Мы видим, что Гофман заставляет его осуществить поступок, который, по характеристике Канта, попадает в разряд юридически легальных [5, с. 120—121, 126—127]: прибегнуть к необходимой самообороне и в скоротечной схватке смертельно ранить подосланного убийцу. Людей такого типа часто хранит дружба, спасает бескорыстная помощь любящих и ценящих их людей. Чтобы стать таким же, как маэстро Абрагам, Иоганнесу нужен жизненный опыт.
Изумительную по тонкости проникновения в девичью душу дает Гофман характеристику двум главным положительным героиням романа: принцессе Гедвиге и мадемуазель Юлии Бенцон. «В какой девичьей груди, — пишет он, — не возникает предчувствия той страсти, которая является главным условием самого8 женского существования, ибо ведь только любящая женщина является женщиной в полном смысле слова!» [5, с. 395]. Но и для любви есть одно важное условие, показывает Гофман: она должна быть мудрой любовью, то есть целомудренной. И если любовь не такова, она становится источником страданий для женщины, она отравляет ей жизнь.
8. Кантианские мелодические обороты и штрихи
Когда же наступило время и зазвучал «Agnus Dei», то его с еще большей силой вновь охватило неизъяснимое блаженство тех мгновений, когда в нем зародилась мелодия этого агнца Божия.
Житейские воззрения кота Мурра. II, 3
Андрей Белый в первой четверти ХХ века создал учение о мелодизме лирического произведения, о мелодии как «интонационном жесте смысла». Здесь речь идет о проблемах формы в лирике, о звуковой стороне организации смысла лирического произведения как художественного целого, которая (эта звуковая целостная структура) и есть мелодия. Форма в лирике — эстетическая суть ее содержания. Но в эпосе метр, ритм, интонация — эти стороны художественного текста отступают на второй план и актуальны лишь для отдельных его фрагментов, если, конечно, не иметь в виду «симфонии» как жанр литературного творчества, который нельзя отнести ни к
эпосу, ни к лирике и который пребывает где-то посредине. Однако можно, на мой взгляд, вести речь о мелодии содержания, о мелодии как философской — интенциональной, что утверждалось выше, — смысловой структуре любого художественно текста, представляющей его ядро. Эта мелодия смысла и сам смысл образуют единство, в котором мелодия то уходит в его глубину и непосредственно не просматривается, то проявляется на поверхности, где о себе и заявляет.

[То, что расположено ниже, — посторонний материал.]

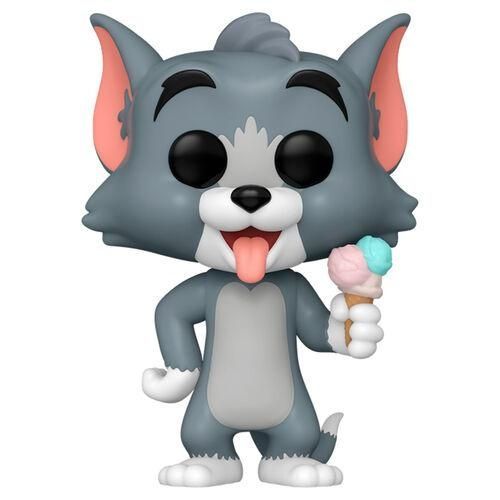 Funko Pop Фігурка Фанко Поп TV Tom and Jerry S3 Tom 1657 фото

Смысловая мелодия — мелодический ствол — романа о воззрениях кота Мурра, как я пытаюсь показать, представляет собой кантианскую суть мировидения и мировоспроизведения его автора. Кантова философско-антропологическая концепция как мелодический тон романа развертывается в различных мелодических ответвлениях, мелодических оборотах, в кратких выразительных мелодических штрихах.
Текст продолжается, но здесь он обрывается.